## [EXERCISE DESCRIPTION]
Would you return the data below exactly as it stands, with every picture left out?

## [SUPPLIED DATA]
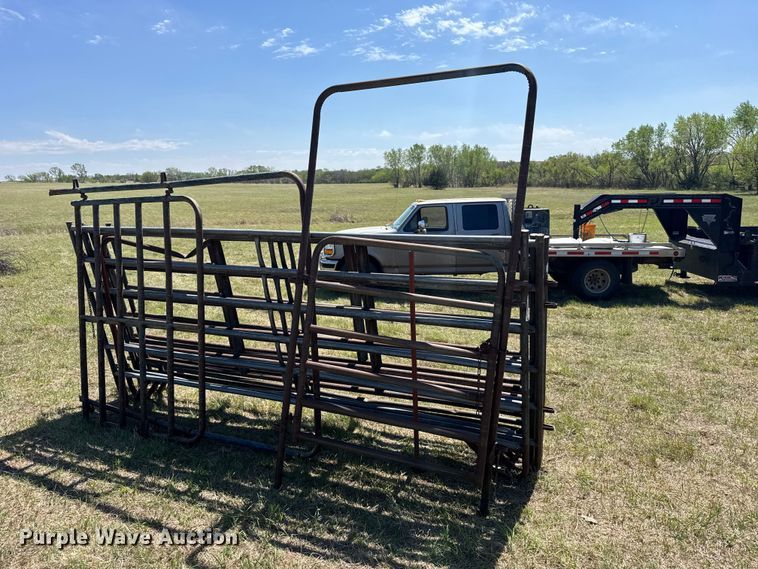 image for item FB7200 (9) livestock panels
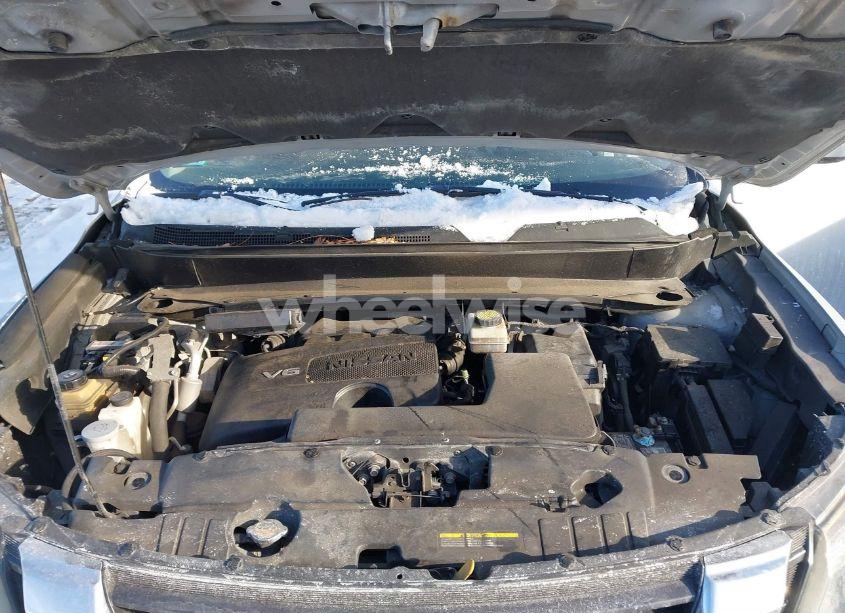 Photo 10 of 2017 Nissan Pathfinder SV (VIN 5N1DR2MM9HC678395)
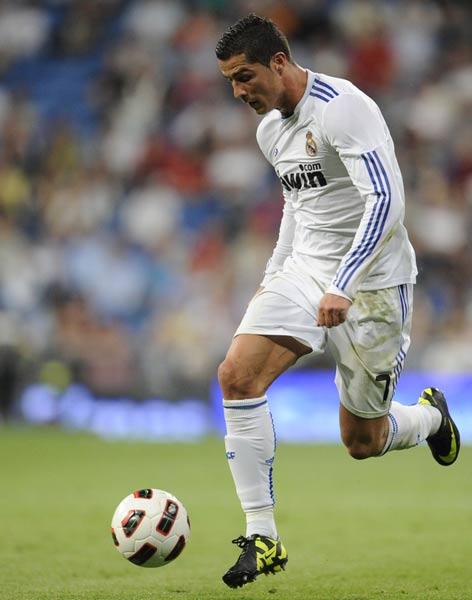 出现肢体接 出现肢体接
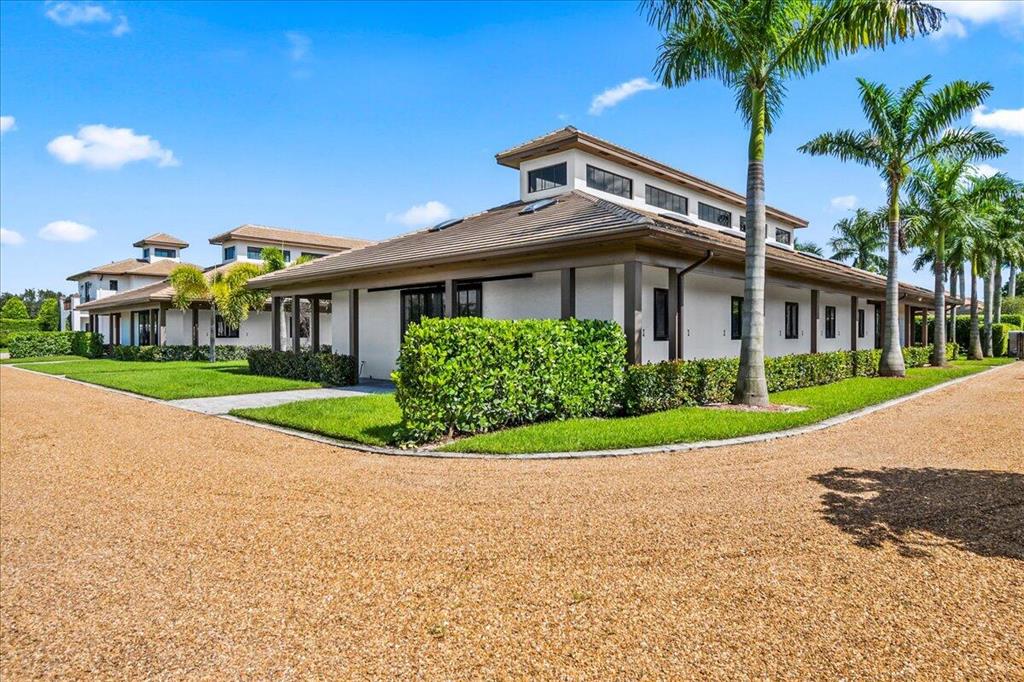 EQUESTRIAN CLUB - Residential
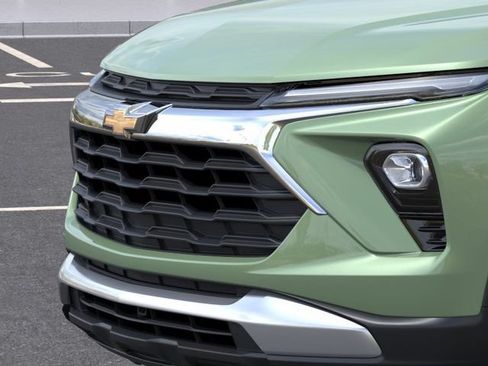 New 2026 Chevrolet TrailBlazer LT w/ Convenience Package FWD image 13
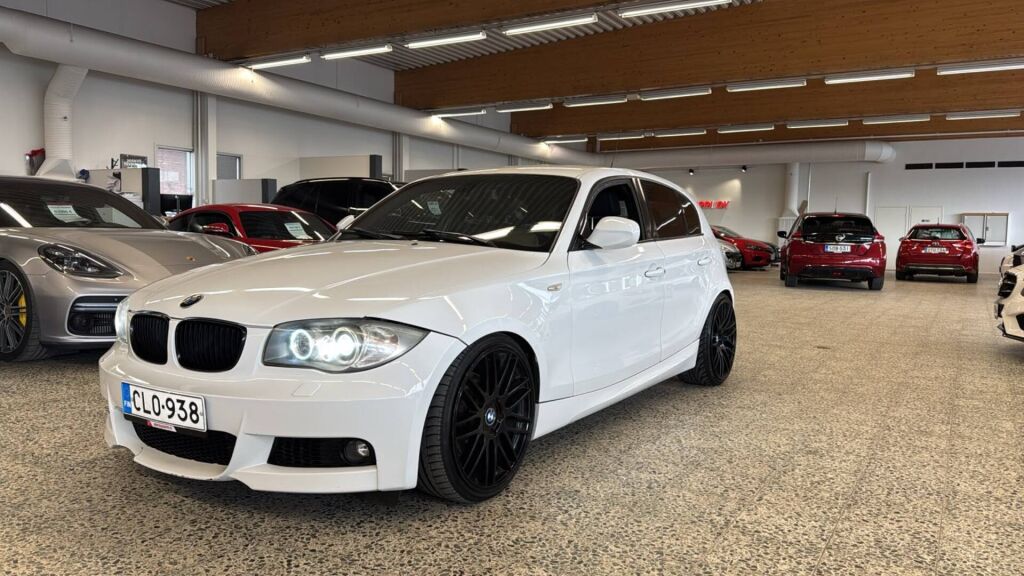 BMW 120 2010 Valkoinen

## [OUTPUT FOR THIS EXERCISE]
 image for item FB7200 (9) livestock panels
 Photo 10 of 2017 Nissan Pathfinder SV (VIN 5N1DR2MM9HC678395)
 出现肢体接 出现肢体接
 EQUESTRIAN CLUB - Residential
 New 2026 Chevrolet TrailBlazer LT w/ Convenience Package FWD image 13
 BMW 120 2010 Valkoinen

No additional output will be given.